- Born: c. 1380
- Died: c. 1460 (aged c. 80)
- Burial: Strathblane, Scotland
- Spouse: George Douglas, 1st Earl of Angus James Kennedy of Dunure William Graham of Kincardine William Edmonstone of Duntreath
- Issue: William Douglas, 2nd Earl of Angus John Kennedy Gilbert Kennedy, 1st Lord Kennedy James Kennedy, Bishop of St. Andrews
- House: Stewart
- Father: Robert III of Scotland
- Mother: Annabella Drummond

= Mary Stewart (daughter of Robert III) =

Scottish princess (1380–1460)

Mary Stewart (c. 1380) was a Scottish princess. The third daughter of King Robert III and his wife, Annabella Drummond, she was married four times, most notably to George Douglas, 1st Earl of Angus, with whom she was the progenitor of the so-called Red Douglas bloodline of the Douglas family.

==Life==
Mary was born in c. 1380, the third daughter and fourth child of John Stewart, Earl of Carrick, heir to the Scottish throne, and his wife, Annabella Drummond. The exact year of Mary's birth is unknown. She had not yet been born in 1378, while her first child was born in 1398, suggesting a birth date of c. 1380. Mary's father succeeded her grandfather, Robert II, as King of Scots in 1390, taking the regnal name of Robert III.

On 24 May 1397, Mary was betrothed to George Douglas, Lord of Angus, at a meeting in Edinburgh between Robert III and George's mother, Margaret, Countess of Angus. The marriage, which was concluded during the summer of 1397, was likely supported by Mary's influential elder brother, David, Earl of Carrick, and her father. Shortly after Mary's marriage, her father recognized her husband's title as Earl of Angus. George was captured at the Battle of Homildon Hill in 1402, and died in England soon afterwards, possibly during an outbreak of bubonic plague. Mary was left as a widow with a young son, William, who succeeded his father as Earl of Angus.

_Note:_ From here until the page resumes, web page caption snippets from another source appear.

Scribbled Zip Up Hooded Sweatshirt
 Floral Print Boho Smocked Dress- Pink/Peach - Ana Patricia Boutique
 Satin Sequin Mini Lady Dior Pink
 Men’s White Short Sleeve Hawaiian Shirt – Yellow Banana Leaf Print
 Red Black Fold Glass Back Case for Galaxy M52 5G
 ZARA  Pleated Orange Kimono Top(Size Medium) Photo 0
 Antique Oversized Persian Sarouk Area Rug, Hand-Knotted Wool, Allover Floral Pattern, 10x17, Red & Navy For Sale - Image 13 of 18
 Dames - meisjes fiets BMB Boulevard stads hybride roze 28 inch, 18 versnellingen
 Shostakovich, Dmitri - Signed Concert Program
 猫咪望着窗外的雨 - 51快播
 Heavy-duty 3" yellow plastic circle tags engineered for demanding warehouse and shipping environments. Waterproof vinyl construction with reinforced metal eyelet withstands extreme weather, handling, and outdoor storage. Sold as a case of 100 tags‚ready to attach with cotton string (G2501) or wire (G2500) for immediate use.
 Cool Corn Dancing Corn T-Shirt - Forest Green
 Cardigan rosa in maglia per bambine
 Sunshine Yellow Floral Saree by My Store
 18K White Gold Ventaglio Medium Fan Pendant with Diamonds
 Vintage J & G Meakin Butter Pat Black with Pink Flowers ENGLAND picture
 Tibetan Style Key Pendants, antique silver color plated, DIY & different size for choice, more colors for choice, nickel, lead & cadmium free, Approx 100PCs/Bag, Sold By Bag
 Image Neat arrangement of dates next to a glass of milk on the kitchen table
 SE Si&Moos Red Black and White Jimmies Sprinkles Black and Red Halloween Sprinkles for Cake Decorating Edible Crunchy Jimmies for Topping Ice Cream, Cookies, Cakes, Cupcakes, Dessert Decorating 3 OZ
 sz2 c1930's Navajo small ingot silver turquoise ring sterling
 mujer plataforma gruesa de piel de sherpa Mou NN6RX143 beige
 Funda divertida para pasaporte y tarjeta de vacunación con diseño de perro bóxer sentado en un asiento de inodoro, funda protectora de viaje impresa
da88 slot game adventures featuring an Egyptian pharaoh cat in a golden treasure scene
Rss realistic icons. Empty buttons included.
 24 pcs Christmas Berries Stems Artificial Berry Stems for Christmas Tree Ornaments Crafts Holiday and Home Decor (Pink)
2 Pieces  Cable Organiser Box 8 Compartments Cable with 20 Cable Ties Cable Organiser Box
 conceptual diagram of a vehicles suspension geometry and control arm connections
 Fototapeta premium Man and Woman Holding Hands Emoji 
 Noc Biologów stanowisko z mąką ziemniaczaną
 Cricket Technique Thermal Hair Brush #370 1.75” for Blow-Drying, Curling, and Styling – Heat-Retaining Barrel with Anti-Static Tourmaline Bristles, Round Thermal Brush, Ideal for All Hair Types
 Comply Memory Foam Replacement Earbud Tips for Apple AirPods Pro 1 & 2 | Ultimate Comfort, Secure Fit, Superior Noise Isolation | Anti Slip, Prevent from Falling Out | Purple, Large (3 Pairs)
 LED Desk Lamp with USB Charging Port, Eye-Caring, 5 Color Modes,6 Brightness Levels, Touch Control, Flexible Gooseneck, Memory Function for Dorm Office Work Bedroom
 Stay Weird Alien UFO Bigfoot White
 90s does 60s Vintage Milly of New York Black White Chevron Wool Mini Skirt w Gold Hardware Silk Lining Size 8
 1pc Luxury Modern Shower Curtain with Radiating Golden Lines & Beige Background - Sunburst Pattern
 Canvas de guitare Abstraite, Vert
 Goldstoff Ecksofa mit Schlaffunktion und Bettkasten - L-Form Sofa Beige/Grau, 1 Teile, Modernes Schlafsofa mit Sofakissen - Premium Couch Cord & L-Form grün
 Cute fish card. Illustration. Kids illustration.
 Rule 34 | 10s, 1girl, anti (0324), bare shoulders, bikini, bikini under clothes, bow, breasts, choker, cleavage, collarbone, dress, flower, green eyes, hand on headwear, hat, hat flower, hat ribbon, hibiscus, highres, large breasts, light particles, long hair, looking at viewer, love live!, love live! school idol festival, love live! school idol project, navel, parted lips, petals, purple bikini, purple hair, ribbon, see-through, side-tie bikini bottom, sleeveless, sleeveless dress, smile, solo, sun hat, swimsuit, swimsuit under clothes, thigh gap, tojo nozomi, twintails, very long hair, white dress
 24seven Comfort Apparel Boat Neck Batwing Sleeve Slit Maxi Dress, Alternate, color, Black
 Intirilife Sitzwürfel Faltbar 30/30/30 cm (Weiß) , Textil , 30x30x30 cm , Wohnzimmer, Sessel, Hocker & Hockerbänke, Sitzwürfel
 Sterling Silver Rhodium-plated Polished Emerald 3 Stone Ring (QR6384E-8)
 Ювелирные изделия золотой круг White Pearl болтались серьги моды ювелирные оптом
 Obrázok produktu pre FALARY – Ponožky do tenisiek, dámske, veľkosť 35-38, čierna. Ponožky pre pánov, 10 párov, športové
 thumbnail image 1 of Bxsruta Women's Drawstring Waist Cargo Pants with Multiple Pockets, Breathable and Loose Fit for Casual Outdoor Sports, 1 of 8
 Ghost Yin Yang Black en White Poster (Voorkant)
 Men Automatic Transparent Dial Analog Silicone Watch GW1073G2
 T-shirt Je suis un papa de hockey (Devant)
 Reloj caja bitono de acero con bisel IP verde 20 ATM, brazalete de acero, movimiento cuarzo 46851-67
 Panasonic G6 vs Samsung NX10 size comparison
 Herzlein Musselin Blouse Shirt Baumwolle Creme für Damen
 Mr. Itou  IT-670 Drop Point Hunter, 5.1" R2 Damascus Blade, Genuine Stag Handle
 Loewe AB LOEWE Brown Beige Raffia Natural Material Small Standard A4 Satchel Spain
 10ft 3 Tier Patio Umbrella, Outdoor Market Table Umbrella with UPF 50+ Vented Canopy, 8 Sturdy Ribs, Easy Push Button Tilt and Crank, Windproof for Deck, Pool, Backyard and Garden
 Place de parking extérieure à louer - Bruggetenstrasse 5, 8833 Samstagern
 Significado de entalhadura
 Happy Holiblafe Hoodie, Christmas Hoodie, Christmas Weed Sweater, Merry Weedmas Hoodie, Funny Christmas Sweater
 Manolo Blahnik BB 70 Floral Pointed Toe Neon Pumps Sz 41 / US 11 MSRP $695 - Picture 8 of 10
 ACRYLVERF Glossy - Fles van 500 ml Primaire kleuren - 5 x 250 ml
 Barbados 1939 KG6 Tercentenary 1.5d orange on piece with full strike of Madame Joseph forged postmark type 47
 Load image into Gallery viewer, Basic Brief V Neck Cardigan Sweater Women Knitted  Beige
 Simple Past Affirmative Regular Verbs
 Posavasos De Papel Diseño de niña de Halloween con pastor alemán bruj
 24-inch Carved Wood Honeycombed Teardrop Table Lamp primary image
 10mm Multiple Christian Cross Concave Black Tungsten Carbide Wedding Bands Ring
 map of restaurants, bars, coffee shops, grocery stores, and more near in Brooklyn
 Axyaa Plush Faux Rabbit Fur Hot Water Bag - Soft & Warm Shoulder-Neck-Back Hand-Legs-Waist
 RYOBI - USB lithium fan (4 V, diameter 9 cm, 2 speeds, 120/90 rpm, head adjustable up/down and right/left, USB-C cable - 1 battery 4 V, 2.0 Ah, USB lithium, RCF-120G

In 1405, Mary married James Kennedy of Dunure, a prominent landowner in the earldom of Carrick. The marriage had political undertones, as Kennedy was influential in Carrick, where Mary's younger brother James had recently been created earl. The couple had certainly been married by January 1406. Mary and James Kennedy had three sons, John, Gilbert, and James, before her second husband was murdered in 1408. As Kennedy's widow, Mary became entitled to a portion of his lands in Carrick, which were valued at £6 in annual income from rents. In 1409, a papal dispensation was given for Mary to marry William Cunningham of Kilmaurs, but the marriage does not appear to have occurred.

Mary married her third husband, William Graham of Kincardine, probably in 1413. Mary had five sons with Graham before the latter died in 1424. In 1425, Mary married her fourth husband, William Edmonstone of Duntreath, with whom she had two children. Mary probably visited the court of her brother, James I, alongside Edmonstone in 1429 to plead for the rights of her eldest son by her second marriage, John Kennedy, to inherit his father's lands in Carrick. Despite Mary's intervention, her son clashed with the king over royal claims to Carrick and was forfeited in 1431.

After the assassination of her brother in 1437, Mary's son by her first marriage, William Douglas, 2nd Earl of Angus, played a key role in the arrest of the conspirators. William died in October 1437 and was succeeded as Earl of Angus by his eldest son, Mary's grandson James. After James' death in 1446, he was succeeded by his younger brother, Mary's other grandson George. Meanwhile, Mary's youngest son by her second marriage, James Kennedy, was elected as Bishop of St. Andrews in 1440, probably with the support of Mary's sister-in-law, Joan Beaufort.

Little is known about Mary's later years. In 1452, her nephew, James II, confirmed her and her fourth husband in their Duntreath lands, near Blanefield. By this time, Mary had become the last surviving child of Robert III after the death of her elder sister, Margaret. Mary was still alive in 1458, when James II granted her lands in Carrick. The date of Mary's death is unknown. Payments were made in her name from the Scottish exchequer as late as 1461. According to the later historian David Hume of Godscroft, Mary's grandson, George, Earl of Angus, used his royal descent to claim the right to crown Mary's great-nephew, James III, at Kelso Abbey in 1460. Mary was buried at Strathblane.